La sensación que produce ver que nuestros monumentos nacionales más emblemáticos están siendo agredidos es de un rechazo frente a la sinrazón de los actos vandálicos, la agresión manifiesta y la violencia desmedida.

No obstante, cuando se escarban las razones de esa sinrazón, no podemos permanecer indiferentes y dejar de solidarizarnos con las mujeres que han salido a manifestarse contra la violencia que sufren, reconociendo que su lucha ha tenido que llegar a estos extremos para ser visibilizada, escuchada y atendida.

La violencia de género es una lacerante realidad que tiene tras de sí una historia de olvido y desinterés, pero que logró salir a la luz cuando las mujeres comenzaron a liberarse de la cultura patriarcal en la que crecieron, y decidieron agruparse para defender lo que les pertenece.

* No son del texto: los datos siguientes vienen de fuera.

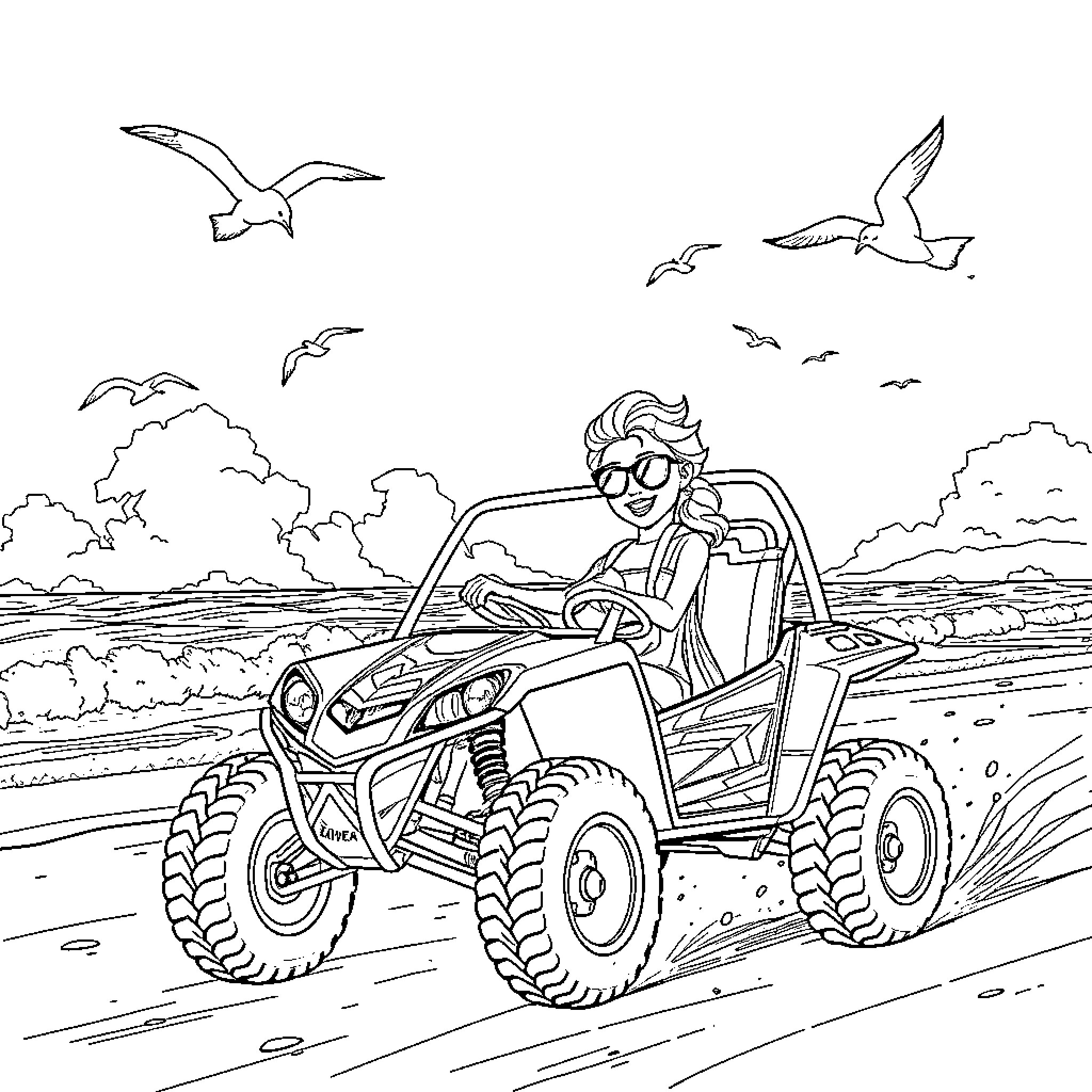 Elsa's Adventure in the Dunes with a Buggy Coloring Page (free black-and-white line drawing printable PDF for all, from beginners to advanced learners, including children, teens, adults, and seniors)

El coraje con el que desde entonces han impulsado la lucha por sus derechos y libertades orientó cambios en el sentido correcto. Así, frente a la inexistencia de un régimen penal que protegiera su vida y su integridad en su específica condición de género, los poderes legislativos tipificaron el feminicidio, la violencia política e intrafamiliar, elevando los castigos para quienes atentasen contra su integridad. Ante la carencia de políticas públicas dirigidas a paliar los obstáculos que las han mantenido en una desventaja histórica frente a los hombres, los ejecutivos comenzaron a destinar beneficios directos en apoyo de las mujeres, delineando protocolos de actuación para enfrentar el acoso laboral al que se encuentran expuestas. Con motivo de la falta de sensibilidad judicial para atender los casos que involucren a mujeres, los tribunales procedieron a establecer criterios obligatorios para juzgar con perspectiva de género, avanzando sus propios protocolos contra la violencia y el acoso. Incluso, distintos órganos autónomos e universidades han hecho lo propio para enfrentar este tipo de violencia dentro de sus respectivos ámbitos.

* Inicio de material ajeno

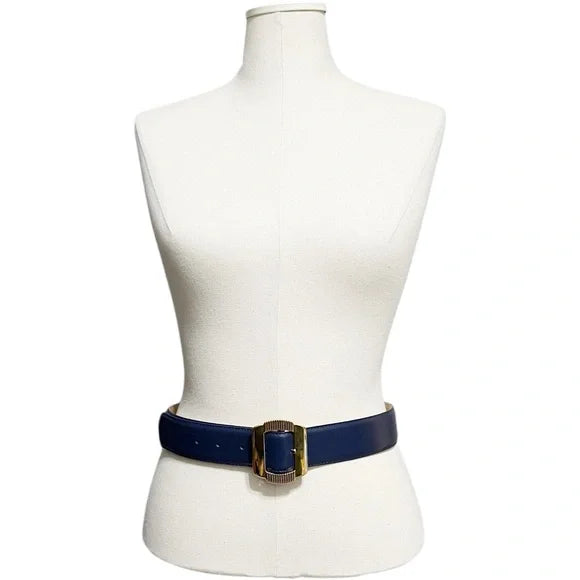 Liz Claiborne Vintage Navy With Gold Buckle Leather Belt Sz-Large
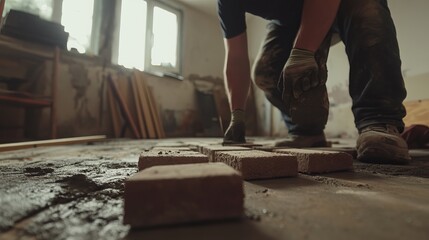 A construction worker uses bricks to lay down a concrete floor in a house. The focus is blurred in the background. 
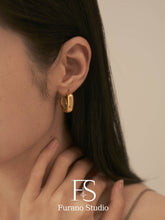 Load image into Gallery viewer, 18K Gold Plated Square Open hoop earring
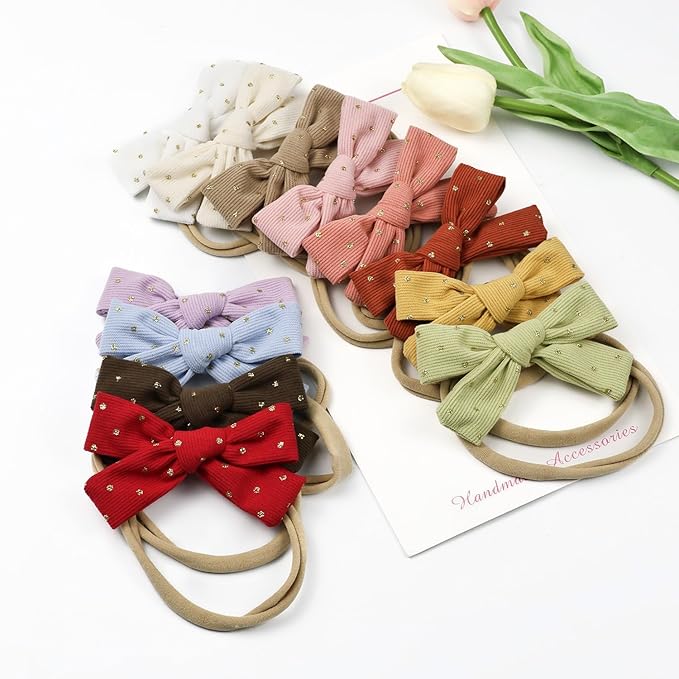 Baby Girl Hair Bow Nylon Headband with Dots, Corduroy Tiny Bow Hair Bands 12pcs for Newborn Infant Toddlers(corduroy B 12PCS)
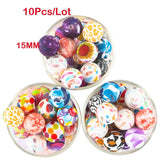 Kovict 10Pcs 15MM Leopard Round Silicone Beads Baby Food DIY Jewelry Accessories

Aún así, en el entorno adverso que las circunda en del país, han anidado un miedo que las corroe, pero que lejos de inmovilizarlas las ha movilizado para tomar las calles y señalarnos que lo que sea hecho no es suficiente, exigiendo con rabia su derecho a no tener miedo, a no sentirse amenazadas, perseguidas o acosadas; reclamando su anhelo de vivir en libertad, sin ningún tipo de violencia que les impida vestirse como quieran, disfrutar de la calle, trasladarse en transporte público, relacionarse afectivamente y desarrollar su vida sin temor a ser ultrajadas, desaparecidas o asesinadas; patentizando, en el extremo, la incapacidad de las autoridades para prevenir, proteger o perseguir eficazmente a quienes osan violentarlas.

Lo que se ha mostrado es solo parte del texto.